Aussi le décret du 20 mars 2013 mentionne clairement l’obligation de réserve et le secret professionnel dont doivent faire preuve les agents en charge des marchés publics, des dispositions sont également prévues dans le Code pénal et le statut de la fonction publique ; a cet effet l’article 166 du décret n°2.12.349, stipule que: « Sans préjudice des dispositions législatives en vigueur concernant le secret professionnel, les membres des commissions d’appels d’offres, des jurys de concours et des commissions des procédures négociées ainsi que des sous-commissions sont tenus de garder le secret professionnel pour tout ce qui concerne les éléments portés à leur connaissance à l’occasion du déroulement des procédures prévues par le présent décret, il en est de même pour toute personne, fonctionnaire, expert ou technicien, appelée à participer aux travaux desdits commissions ou jurys», il en est de même pour l’article 167 stipule que: « Après l’ouverture des plis en séance publique pour toutes les procédures prévues au présent décret, aucun renseignement concernant l’examen des offres, les précisions demandées, l’évaluation des offres ou les recommandations relatives à l’attribution du marché ne doit être communiqué ni aux concurrents ni à toute autre personne n’ayant pas qualité pour participer à la procédure tant que les résultats d’examen des offres n’ont pas été affichés dans les locaux du maître d’ouvrage».

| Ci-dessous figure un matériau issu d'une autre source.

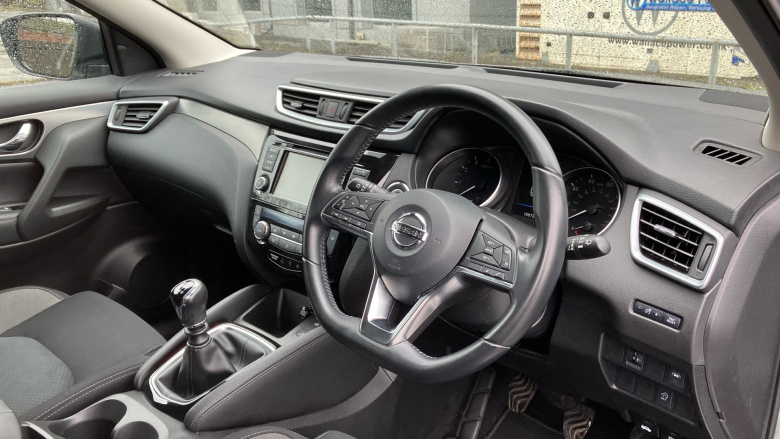 Nissan Qashqai 1.3 DiG-T 160 N-Connecta 5dr Petrol Hatchback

Le statut général de la fonction publique indique: « Indépendamment des règles instituées dans le Code pénal en matière de secret professionnel, tout fonctionnaire est lié par l’obligation de discrétion professionnelle pour tout ce qui concerne les faits et informations dont il a connaissance dans l’exercice ou à l’occasion de l’exercice de ses fonctions, tout détournement, toute communication contraire au règlement de pièces ou documents de service à des tiers sont formellement interdits. En dehors des cas prévus par les règles en vigueur, seule l’autorité du ministre dont dépend le fonctionnaire peut délier celui-ci de cette obligation de discrétion ou le relever de l’interdiction édictée ci-dessous».[1]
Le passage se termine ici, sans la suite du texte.